An item of property, plant and equipment and any significant part initially recognized is derecognized upon disposal or when no future economic benefits are expected from its use or disposal. Any gain or loss arising on derecognition of the asset (calculated as the difference between the net disposal proceeds and the carrying amount of the asset) is included in the income statement when the asset is derecognized.

Capital work-in-progress comprises the cost of property, plant and equipment that are yet not ready for their intended use at the balance sheet date. The depreciable amount of a depreciable fixed asset is allocated on a systematic basis to each accounting period over the useful life of the asset. Management's estimate of useful life, which is duly supported by technical evidence, is as stipulated in Schedule II to the Companies Act, 2013.The useful life is for the whole of the asset, except where cost of a part of the asset is significant to total cost of the asset and useful life of that part is different from the useful life of the remaining asset, useful life of that significant part (“component”) is determined separately and the depreciable amount of the said component is depreciated is allocated on a systematic basis to each accounting period during the useful life of the asset.

In arriving at the depreciable amount, residual value in case of certain assets are considered to be more than 5% of the original cost, this estimate of residual value is duly supported by technical advice. Depreciation on assets acquired during the year is calculated on a pro-rata basis from the date of addition. Similarly, depreciation on assets sold, discarded, demolished or destroyed during the year is also calculated on a pro rata basis up to the date on which such asset has been sold, discarded, demolished or destroyed. Depreciable assets costing up to Rupees 5,000/- are depreciated fully in the year of acquisition. The residual values, useful lives and methods of depreciation of property, plant and equipment are reviewed at each financial year end and adjusted prospectively, if appropriate.

e. Leases

IND-AS 116 “Leases” is mandatory for the accounting period commencing on and from 1st April 2019, and has replaced the existing IND-AS 17 relating to leases. We have applied the modified retrospective approach, for which no significant adjustments were required to be made to the retained earnings as at 1st April 2019. However, no material lease has been recognized for the year ending March 31, 2024.

g. Earnings Per Share

Earnings per share (EPS) is calculated by dividing the net profit for the year attributable to the equity shareholders by weighted average number of equity shares outstanding during the year. For the purpose of calculating diluted earnings per share, the net profit for the period attributable to equity shareholders and weighted average number of shares outstanding during the period is adjusted for the effects of all diluted potential equity shares.

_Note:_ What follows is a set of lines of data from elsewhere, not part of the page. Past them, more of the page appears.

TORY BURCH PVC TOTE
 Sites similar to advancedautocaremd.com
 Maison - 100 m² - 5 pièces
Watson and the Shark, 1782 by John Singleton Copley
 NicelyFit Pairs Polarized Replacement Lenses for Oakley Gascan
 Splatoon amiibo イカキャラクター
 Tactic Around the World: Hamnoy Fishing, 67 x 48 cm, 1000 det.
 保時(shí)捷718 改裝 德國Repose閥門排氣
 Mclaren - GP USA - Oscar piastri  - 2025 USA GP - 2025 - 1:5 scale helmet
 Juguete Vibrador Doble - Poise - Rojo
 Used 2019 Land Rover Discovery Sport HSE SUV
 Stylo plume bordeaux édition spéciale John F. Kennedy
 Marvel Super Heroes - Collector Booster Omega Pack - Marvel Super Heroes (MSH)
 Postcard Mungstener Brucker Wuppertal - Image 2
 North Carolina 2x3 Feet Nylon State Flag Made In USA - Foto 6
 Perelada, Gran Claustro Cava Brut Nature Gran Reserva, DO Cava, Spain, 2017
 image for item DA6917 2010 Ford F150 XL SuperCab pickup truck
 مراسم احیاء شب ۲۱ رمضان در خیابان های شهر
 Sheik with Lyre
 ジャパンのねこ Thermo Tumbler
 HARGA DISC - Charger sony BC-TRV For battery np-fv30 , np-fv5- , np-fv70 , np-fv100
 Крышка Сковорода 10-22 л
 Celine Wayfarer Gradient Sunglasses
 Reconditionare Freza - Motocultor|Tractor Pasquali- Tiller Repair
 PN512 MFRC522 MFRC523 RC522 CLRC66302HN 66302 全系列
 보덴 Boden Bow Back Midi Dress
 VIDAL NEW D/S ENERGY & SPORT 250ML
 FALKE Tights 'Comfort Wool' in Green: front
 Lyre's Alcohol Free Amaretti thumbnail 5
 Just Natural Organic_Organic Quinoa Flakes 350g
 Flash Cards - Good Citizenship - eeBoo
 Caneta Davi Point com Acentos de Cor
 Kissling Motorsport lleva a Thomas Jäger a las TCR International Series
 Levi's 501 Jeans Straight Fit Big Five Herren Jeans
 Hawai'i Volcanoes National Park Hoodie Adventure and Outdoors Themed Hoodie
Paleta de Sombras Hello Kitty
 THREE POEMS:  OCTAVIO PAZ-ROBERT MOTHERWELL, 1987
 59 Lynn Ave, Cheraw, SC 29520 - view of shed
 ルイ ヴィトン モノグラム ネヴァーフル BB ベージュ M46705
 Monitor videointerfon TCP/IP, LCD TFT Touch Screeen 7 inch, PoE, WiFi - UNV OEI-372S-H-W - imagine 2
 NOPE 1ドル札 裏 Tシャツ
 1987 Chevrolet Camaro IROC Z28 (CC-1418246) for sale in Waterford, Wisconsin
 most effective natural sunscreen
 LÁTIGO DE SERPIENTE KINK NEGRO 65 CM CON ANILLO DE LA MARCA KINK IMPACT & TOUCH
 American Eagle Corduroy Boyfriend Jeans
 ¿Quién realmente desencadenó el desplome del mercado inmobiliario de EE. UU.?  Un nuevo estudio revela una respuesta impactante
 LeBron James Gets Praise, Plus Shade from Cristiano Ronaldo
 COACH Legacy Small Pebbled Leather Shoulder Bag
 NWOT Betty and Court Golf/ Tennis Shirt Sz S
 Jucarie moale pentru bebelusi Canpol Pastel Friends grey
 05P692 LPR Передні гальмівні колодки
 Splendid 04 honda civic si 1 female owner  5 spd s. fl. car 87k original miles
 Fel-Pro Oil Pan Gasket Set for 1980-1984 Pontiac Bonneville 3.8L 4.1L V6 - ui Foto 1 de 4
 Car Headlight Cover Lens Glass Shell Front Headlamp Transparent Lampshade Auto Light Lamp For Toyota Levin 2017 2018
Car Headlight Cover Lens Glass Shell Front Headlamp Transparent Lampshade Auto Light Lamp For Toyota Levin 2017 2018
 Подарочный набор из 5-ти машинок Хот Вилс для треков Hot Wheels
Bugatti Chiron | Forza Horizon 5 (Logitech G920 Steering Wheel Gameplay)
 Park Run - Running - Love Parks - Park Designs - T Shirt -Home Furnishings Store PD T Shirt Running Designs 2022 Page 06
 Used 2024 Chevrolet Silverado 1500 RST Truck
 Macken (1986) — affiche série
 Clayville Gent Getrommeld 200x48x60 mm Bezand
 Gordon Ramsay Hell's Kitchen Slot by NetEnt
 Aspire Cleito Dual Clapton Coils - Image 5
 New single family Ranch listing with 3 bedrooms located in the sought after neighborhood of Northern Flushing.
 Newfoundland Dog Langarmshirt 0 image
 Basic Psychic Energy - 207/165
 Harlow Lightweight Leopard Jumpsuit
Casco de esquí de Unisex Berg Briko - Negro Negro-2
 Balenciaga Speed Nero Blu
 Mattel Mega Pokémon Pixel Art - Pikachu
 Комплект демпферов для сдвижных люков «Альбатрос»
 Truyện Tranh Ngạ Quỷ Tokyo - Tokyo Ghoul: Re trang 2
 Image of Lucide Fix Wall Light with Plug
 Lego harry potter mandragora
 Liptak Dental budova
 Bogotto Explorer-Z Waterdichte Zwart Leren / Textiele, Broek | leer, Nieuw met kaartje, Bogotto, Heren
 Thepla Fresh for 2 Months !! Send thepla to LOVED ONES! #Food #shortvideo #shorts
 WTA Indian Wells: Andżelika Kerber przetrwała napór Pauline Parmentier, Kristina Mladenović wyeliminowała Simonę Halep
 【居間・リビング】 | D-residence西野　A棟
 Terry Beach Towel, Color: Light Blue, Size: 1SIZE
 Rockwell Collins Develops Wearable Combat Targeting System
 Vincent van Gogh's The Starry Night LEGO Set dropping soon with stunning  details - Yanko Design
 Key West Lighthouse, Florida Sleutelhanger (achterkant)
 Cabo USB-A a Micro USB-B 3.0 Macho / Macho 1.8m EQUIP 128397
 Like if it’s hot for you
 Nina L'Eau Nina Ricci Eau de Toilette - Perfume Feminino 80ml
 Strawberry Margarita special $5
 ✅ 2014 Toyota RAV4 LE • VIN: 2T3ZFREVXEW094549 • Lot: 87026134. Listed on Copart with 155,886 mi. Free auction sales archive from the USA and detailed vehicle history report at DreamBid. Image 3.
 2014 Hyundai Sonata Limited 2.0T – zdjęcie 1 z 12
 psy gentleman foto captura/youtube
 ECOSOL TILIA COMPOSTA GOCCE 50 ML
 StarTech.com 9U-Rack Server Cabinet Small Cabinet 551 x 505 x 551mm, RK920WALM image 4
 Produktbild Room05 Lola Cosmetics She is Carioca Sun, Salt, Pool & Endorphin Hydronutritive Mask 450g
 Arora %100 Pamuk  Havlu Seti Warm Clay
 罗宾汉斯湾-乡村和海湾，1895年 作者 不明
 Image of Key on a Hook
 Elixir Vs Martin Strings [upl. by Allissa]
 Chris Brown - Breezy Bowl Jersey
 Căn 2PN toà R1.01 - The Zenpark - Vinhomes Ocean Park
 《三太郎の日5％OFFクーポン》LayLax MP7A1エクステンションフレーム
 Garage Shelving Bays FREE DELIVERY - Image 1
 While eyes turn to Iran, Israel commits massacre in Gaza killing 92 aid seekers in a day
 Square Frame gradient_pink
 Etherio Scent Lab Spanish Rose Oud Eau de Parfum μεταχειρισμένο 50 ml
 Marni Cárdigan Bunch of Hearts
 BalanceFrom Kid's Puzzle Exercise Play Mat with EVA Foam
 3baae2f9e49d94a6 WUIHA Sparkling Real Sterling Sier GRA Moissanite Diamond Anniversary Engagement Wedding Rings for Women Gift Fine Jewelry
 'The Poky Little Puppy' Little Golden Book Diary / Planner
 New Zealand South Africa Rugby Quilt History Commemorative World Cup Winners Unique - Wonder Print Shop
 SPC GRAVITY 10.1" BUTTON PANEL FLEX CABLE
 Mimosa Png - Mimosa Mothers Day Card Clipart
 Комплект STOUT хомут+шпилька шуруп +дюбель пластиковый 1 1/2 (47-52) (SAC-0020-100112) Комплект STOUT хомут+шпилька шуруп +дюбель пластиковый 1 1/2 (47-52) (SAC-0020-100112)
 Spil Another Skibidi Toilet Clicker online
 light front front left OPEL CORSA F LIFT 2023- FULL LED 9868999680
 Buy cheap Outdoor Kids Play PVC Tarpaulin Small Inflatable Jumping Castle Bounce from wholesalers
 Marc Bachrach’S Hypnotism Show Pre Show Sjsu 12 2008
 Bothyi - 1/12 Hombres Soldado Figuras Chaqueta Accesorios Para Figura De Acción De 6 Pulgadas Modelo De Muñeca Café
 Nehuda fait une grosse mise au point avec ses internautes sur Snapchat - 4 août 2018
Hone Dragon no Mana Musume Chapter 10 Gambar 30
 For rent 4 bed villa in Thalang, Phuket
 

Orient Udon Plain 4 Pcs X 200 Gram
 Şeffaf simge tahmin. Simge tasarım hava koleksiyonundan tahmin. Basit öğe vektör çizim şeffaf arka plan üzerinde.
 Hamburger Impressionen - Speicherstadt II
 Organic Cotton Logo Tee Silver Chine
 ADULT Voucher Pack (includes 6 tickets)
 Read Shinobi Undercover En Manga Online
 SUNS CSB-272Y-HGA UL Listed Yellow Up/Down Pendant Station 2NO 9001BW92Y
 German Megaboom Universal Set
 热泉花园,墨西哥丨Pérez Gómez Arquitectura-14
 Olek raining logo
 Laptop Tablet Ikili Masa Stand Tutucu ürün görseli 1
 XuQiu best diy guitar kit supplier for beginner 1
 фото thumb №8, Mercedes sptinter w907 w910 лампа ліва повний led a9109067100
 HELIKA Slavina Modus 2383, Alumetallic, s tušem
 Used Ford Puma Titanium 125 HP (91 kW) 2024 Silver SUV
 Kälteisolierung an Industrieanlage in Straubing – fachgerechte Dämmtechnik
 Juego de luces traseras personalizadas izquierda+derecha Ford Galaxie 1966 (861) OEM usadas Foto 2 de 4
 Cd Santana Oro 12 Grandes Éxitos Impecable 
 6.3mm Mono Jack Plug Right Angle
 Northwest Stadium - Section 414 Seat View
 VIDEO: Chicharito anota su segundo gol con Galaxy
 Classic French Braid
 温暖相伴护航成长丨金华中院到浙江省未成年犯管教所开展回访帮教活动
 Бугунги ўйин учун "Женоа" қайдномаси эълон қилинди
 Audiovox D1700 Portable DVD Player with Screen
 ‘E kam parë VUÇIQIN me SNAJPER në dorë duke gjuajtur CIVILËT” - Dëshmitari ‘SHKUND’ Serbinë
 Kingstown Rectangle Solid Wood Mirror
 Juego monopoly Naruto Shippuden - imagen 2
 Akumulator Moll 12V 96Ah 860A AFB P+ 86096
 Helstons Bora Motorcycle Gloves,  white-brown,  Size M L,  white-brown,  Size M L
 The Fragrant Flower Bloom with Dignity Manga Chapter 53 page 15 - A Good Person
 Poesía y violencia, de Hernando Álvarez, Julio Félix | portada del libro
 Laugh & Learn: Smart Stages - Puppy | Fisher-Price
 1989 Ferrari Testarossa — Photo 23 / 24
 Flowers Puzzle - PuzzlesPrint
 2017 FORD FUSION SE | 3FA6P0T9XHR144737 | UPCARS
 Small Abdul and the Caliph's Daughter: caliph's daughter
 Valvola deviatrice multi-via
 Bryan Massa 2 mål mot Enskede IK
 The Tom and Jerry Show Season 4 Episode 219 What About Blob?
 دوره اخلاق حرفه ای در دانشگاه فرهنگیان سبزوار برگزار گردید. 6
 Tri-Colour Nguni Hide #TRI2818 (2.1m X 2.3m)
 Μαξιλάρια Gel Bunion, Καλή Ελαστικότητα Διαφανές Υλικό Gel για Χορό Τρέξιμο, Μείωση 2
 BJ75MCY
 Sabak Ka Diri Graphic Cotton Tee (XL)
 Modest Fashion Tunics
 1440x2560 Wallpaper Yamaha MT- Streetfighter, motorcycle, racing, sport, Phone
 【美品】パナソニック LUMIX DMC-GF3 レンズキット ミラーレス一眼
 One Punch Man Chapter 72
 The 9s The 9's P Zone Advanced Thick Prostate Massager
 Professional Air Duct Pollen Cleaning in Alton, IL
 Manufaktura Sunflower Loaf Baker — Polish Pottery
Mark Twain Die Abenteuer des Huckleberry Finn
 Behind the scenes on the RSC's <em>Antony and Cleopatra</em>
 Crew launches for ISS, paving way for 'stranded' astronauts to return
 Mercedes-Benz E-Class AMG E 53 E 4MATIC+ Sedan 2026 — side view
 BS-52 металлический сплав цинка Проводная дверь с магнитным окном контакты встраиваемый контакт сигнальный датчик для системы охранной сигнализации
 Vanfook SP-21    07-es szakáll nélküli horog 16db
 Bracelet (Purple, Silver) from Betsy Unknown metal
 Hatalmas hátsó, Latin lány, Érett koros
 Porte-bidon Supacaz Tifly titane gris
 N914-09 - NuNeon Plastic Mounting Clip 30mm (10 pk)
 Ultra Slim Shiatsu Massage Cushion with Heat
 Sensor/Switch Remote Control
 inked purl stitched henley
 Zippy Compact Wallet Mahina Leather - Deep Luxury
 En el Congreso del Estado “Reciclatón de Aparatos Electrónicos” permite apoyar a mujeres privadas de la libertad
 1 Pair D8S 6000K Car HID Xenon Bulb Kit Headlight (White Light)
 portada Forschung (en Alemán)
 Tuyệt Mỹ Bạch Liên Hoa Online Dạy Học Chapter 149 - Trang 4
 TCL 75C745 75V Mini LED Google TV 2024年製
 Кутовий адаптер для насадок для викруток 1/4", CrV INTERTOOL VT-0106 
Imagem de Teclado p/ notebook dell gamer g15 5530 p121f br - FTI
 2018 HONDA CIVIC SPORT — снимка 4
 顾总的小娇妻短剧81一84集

h. Impairment of non-financial assets

The Company assesses, at each reporting date, whether there is an indication that an asset maybe impaired. If any indication exists, or when annual impairment testing for an asset is required, the Company estimates the asset's recoverable amount. An asset's recoverable amount is the higher of an asset's or cash-generating units (CGU) fair value less costs of disposal and its value in use. Recoverable amount is determined for an individual asset, unless the asset does not generate cash inflows that are largely independent of those from other assets or groups of assets. When the carrying amount of an asset or CGU exceeds its recoverable amount, the asset is considered impaired and is written down to its recoverable amount.

In assessing value in use, the estimated future cash flows are discounted to their present value using a pre-tax discount rate that reflects current market assessments of the time value of money and the risks specific to the asset. In determining fair value less costs of disposal, recent market transactions are considered. If no such transactions can be identified, an appropriate evaluation model is used. These calculations are corroborated by valuation multiples or other available fair value indicators.